In the kitchen, Meany prefers to cook over live fire, using a combination of binchotan charcoal and alderwood. “I like the amount of smoke that alder produces,” he explained. “A ratio of 70% char-coal to 30% wood creates enough heat and enough smoke for a good balance.”
The open-flame technique exemplifies Meany’s belief that high-quality, flavorful food can be cooked in a simple and uncomplicated way.
“I’m not trying to reinvent the wheel and get carried away,” he said. “My philosophy is to cook as authentically as I can, using the elements of smoke and fire as foundations.”

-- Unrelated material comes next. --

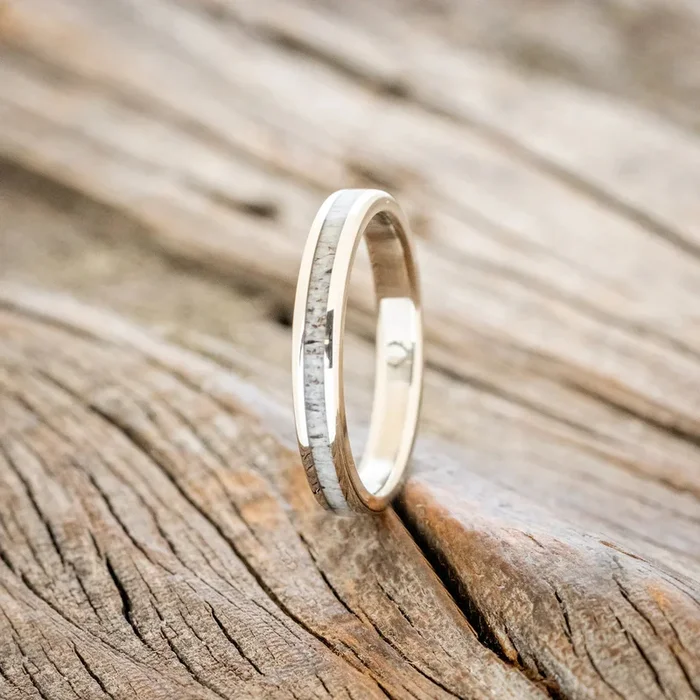 “ETERNA” – ANTLER STACKING BAND – 14K WHITE GOLD (3MM) – SIZE 5 3/4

Though the techniques used to cook the food might not be complicated, the finished product is full of complex flavors and textures, and plated in a sophisticated and elegant manner. A typical menu might include a salad of finely shredded cabbage garnished with shaved fennel, barley vinaigrette and seeds; an appetizer of grilled cauliflower, broccoli and aioli; and sides of polenta with deli-cate swirls of thick brown butter and hearty house-made sourdough bread with freshly churned butter.
Mains might include tender black cod and grilled asparagus cooked over alderwood with seaweed vinaigrette, or confit of pork belly with kombucha glaze and beech mushrooms. For dessert there could be aromatic bay laurel ice cream with cheesecake and gooey caramelized cream.
If a farmed or foraged item somehow doesn’t make it onto a dinner plate, either due to excess supply or failure to fit into the flavor profile of the night’s menu, chances are it will end up in the house specialty beverage, kombucha. “A lot of times we’ll ferment things instead of letting them go to waste,” Masing said.
At any given time you’ll find kombucha flavored with huckleberries, salmonberries, California blackberries, Pacific waterleaf, bay laurel leaf, apple blossom, seaweed, or redwood sorrel, possibly with additional notes of Douglas fir needle or wild Newport honey. Fragrant, sharp and luminous, it’s worth trying even if you’re not normally a fan of the beverage.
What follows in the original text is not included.